Case ID: ad2d_279/html/0424-01.html
Source: Caselaw Access Project
Author: {"author": "", "license": "Public Domain", "url": "https://static.case.law/"}
Date Created: 2024-08-24T03:29:51.129683

Beatrice Gershberg, Appellant, v Donald Wood-Smith, Respondent.
    [719 NYS2d 846]
   Order, Supreme Court, New York County (Louise Gruner Gans, J.), entered January 4, 2000, which, inter alia, granted defendant’s motion for a directed verdict, unanimously affirmed, without costs. Appeal from judgment, same court and Justice, entered June 22, 1999, upon a jury verdict, in defendant’s favor, unanimously dismissed, without costs, as superseded by the appeal from the order of January 4, 2000 granting defendant’s motion for a directed verdict.
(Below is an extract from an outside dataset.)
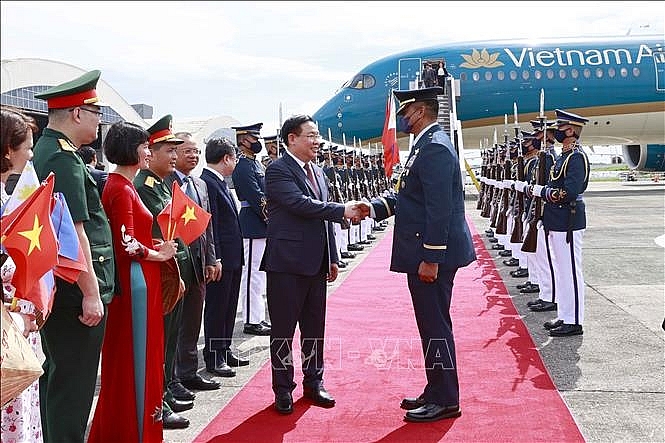 Lễ đón Chủ tịch Quốc hội Vương Đình Huệ tại sân bay quân sự Villamor, Thủ đô Manila. Ảnh: Doãn Tấn/TTXVN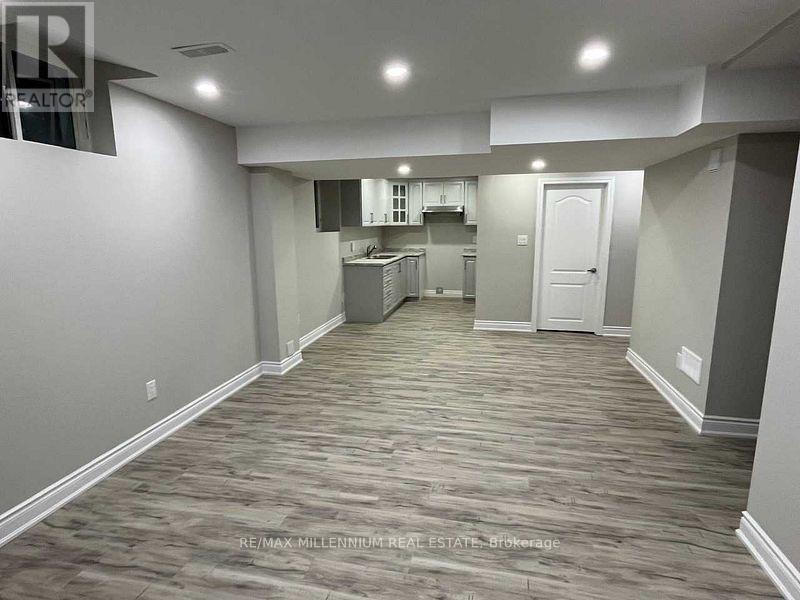 42 Seascape Crescent, Brampton, Ontario  L6P 3C5 - Photo 2 - W12184904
In this medical malpractice action predicated upon lack of informed consent, plaintiffs expert, a neurologist, testified that it was a departure from good medical practice for a doctor, in obtaining a patient’s consent to a procedure, not to inform the patient of a risk known by the doctor to be entailed by the procedure, including, as was relevant in the case at bar, the possibility of facial nerve damage. The same expert, however, subsequently admitted that it was not within his expertise to comment on the potential risks of a surgical procedure such as the one to which plaintiff purportedly consented. In these circumstances, the motion court correctly determined that plaintiff had failed to meet her burden to adduce expert testimony demonstrating the qualitative insufficiency of plaintiffs consent (see, CPLR 4401-a) and, upon such determination, properly granted defendant’s motion for a directed verdict (id.; cf., Davis v Caldwell, 54 NY2d 176). Concur— Sullivan, P. J., Andrias, Wallach, Saxe and Friedman, JJ.